TASK BRIEF
Filter the entries, keeping every line with the word "Mule".
======== INPUT DATA ========
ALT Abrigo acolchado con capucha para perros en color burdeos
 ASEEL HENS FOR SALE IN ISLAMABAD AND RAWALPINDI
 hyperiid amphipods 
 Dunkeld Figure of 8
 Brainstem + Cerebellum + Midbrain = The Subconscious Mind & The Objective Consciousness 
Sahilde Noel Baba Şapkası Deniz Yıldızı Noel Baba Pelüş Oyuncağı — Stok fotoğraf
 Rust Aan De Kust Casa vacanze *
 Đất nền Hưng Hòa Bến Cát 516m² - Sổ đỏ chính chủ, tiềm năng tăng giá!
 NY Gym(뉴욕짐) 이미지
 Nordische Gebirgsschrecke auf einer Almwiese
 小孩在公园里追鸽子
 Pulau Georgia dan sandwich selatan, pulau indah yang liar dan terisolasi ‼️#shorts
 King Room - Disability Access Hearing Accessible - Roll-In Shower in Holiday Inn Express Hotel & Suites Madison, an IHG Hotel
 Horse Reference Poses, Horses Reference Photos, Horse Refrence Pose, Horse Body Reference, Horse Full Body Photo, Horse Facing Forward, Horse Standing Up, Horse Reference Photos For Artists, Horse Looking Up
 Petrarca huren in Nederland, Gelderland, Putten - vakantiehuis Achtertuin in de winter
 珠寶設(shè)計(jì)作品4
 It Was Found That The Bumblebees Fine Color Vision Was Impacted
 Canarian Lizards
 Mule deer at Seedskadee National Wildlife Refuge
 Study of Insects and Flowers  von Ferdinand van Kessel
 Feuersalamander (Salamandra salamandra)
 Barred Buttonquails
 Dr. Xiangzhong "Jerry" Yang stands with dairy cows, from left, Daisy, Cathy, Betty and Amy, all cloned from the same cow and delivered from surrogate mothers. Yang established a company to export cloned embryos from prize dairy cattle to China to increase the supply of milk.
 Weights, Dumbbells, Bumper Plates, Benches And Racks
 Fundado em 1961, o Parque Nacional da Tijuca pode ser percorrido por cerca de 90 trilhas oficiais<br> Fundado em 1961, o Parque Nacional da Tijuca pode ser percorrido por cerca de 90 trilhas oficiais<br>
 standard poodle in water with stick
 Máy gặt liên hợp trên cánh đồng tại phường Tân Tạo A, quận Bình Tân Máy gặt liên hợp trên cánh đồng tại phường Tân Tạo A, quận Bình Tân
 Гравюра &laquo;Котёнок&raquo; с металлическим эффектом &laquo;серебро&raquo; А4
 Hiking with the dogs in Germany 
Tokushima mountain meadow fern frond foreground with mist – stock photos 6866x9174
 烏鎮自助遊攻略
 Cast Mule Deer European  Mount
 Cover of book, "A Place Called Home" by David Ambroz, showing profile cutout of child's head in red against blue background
========
REPLY
 Mule deer at Seedskadee National Wildlife Refuge
 Cast Mule Deer European  Mount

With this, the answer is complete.